6 - Je suis un enfant de la radio



Extrait de Le chemin mène à demain Mes lambeaux de mémoire


Je suis un enfant de la radio

Les soirées sont longues. 
Je vous parle d’un temps qui ne connaît pas la télévision.
Maman coud ou tricote, seule à la maison.
Les originalités colorées des pulls de ma mère me désigneront
toujours coupable, 
détalant parmi les complices aux couleurs anonymes, 
quand nous aurons des conneries à fuir
sans vouloir se faire prendre.

Mon père est le plus souvent absent, 
sortit en réunions ou à coller des affiches.
Ma mère a beau pleurer, 
il dit que c’est pour l’avenir de ses enfants. 
Moi, je n’aime pas quand maman est triste, 
et je me dis qu’en attendant, il pourrait quand même partager un peu, 
l’avenir n’est pas pour tout de suite.

Bien sûr, je vais le plus souvent me coucher de bonne heure. 
Demain, il faut se lever tôt pour aller à l’école.
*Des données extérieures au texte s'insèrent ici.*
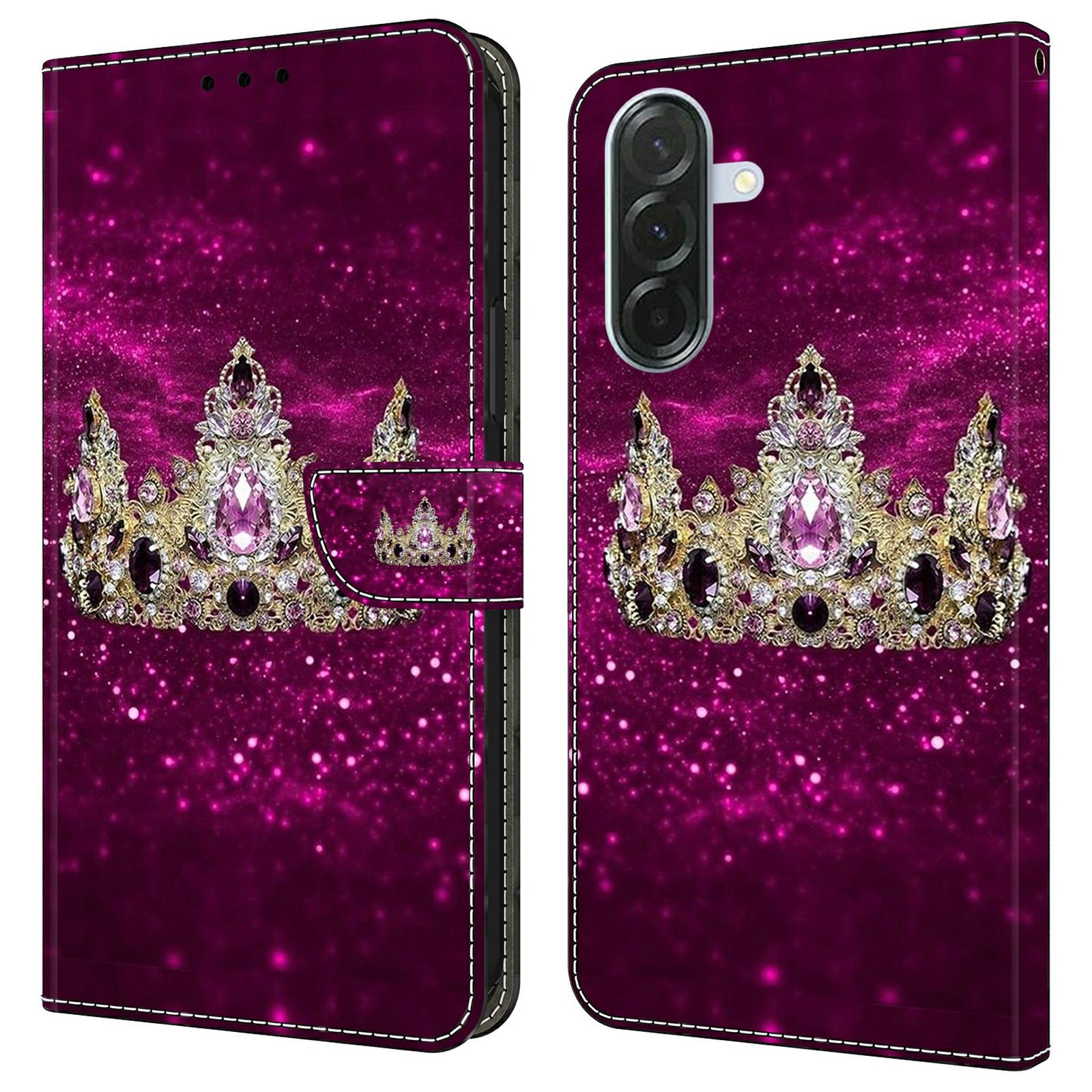 For Samsung Galaxy A37 5G Case Wallet Stand Pattern Printing PU Leather Flip Phone Cover
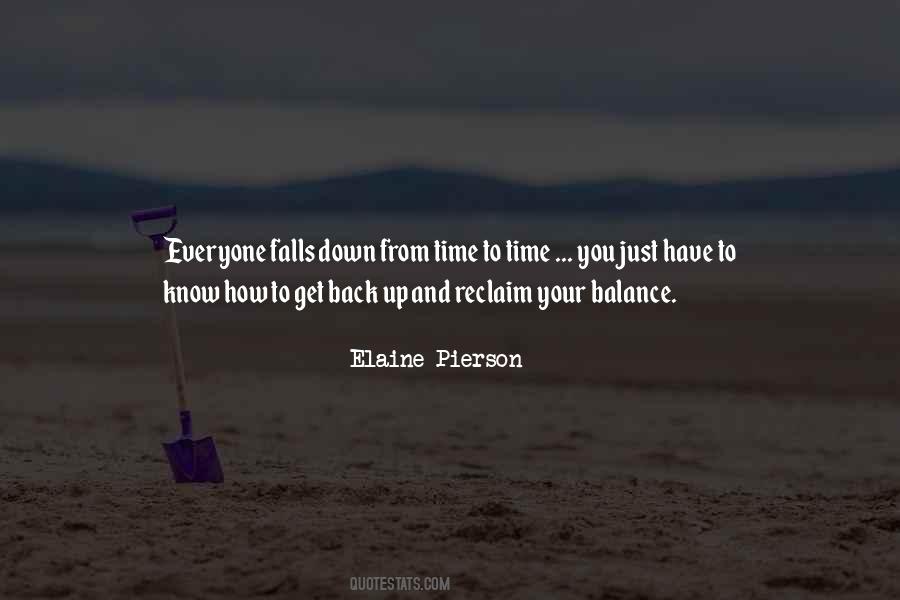 Elaine Pierson Quotes #1529135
Ce soir, papa a offert à maman une TSF. 
Un joli poste en bois ambré vernis, 
avec une façade décorée
de plastique moulé beige et vert tendre encadrant l’habillage perforé du haut-parleur, 
le panneau d’affichage des fréquences, 
quatre gros boutons de réglage 
et, en haut à gauche, un œil magique. 
Une petite lampe verte circulaire fascinante. 
À l’intérieur, une sorte de trèfle dont les feuilles lumineuses bougent 
et s’ouvrent davantage quand la station suffisamment puissante, enfin trouvée, 
mérite d’être écoutée.

Radio-Luxembourg sera la préférée de maman. 
Elle la laissera allumée à longueur de journée, 
accompagnant ses travaux ménagers d’une présence sonore.
Au moment des repas ce sera Sur le banc  
de Carmen et La Hurlette avec Jane Sourza et Raymond Souplex, 
La famille Duraton, avec Jean Carmet,  
Quitte ou double, Ça va bouillir avec Zappy Max - 
Zappy Max que je retrouverai cinquante ans plus tard 
chez l’éditeur de mes Laboureurs d’Espoirs
et puis le soir, oh ! Le soir, le mardi soir surtout deviendra magique, 
comme l’œil de la TSF est magique. 
Je resterai près de maman. 
Je l’aurai pour moi tout seul 
une tolérance me sera accordée pour retarder l’heure du coucher,
mes frères seront déjà au lit 
l’oreille presque collée au poste, 
plongé dans Les faits divers sur Paris-Inter qui deviendront Les maîtres du mystère, 
à découvrir, à frémir, à m’évader, à rêver 
des histoires d’Agatha Christie, d’Edgar Poe, de Conan Doyle, d’Oscar Wilde, 
ou encore de Thomas Narcejac, de Jean Cosmos, de François Billetdoux, 
avec des voix dont les timbres résonnent encore dans mon cinéma sonore imaginaire, 
Michel Bouquet, Jean Négroni, Rosy Varte, Roger Carel, Henri Virlojeux, 
Juliette Gréco, Georges Wilson, et j’en oublie encore un peu.

Je suis un enfant de la radio. 
Entendre un mot exige de le voir pour le comprendre. 
Le sens concret d’un mot n’est-il pas directement lié à l’un de nos sens ? 
Les mots racontent de belles histoires 
qui donnent à voir, à entendre, à sentir, à goûter, à toucher, 
et à les écouter, il nous faut les imaginer pour leur donner du sens. 
Avec la radio, je me faisais mon cinéma. 
Tout comme après une belle lecture, un bon feuilleton radiophonique est toujours déçu 
de la pauvreté de sa transposition en images filmées.  
L’un de mes regrets sera d’avoir fait, comme tous ceux qui suivront, des enfants de la télé. 
Et d’avoir compris trop tard. 
Les images animées ne peuvent rivaliser avec la richesse et la puissance de l’imaginé.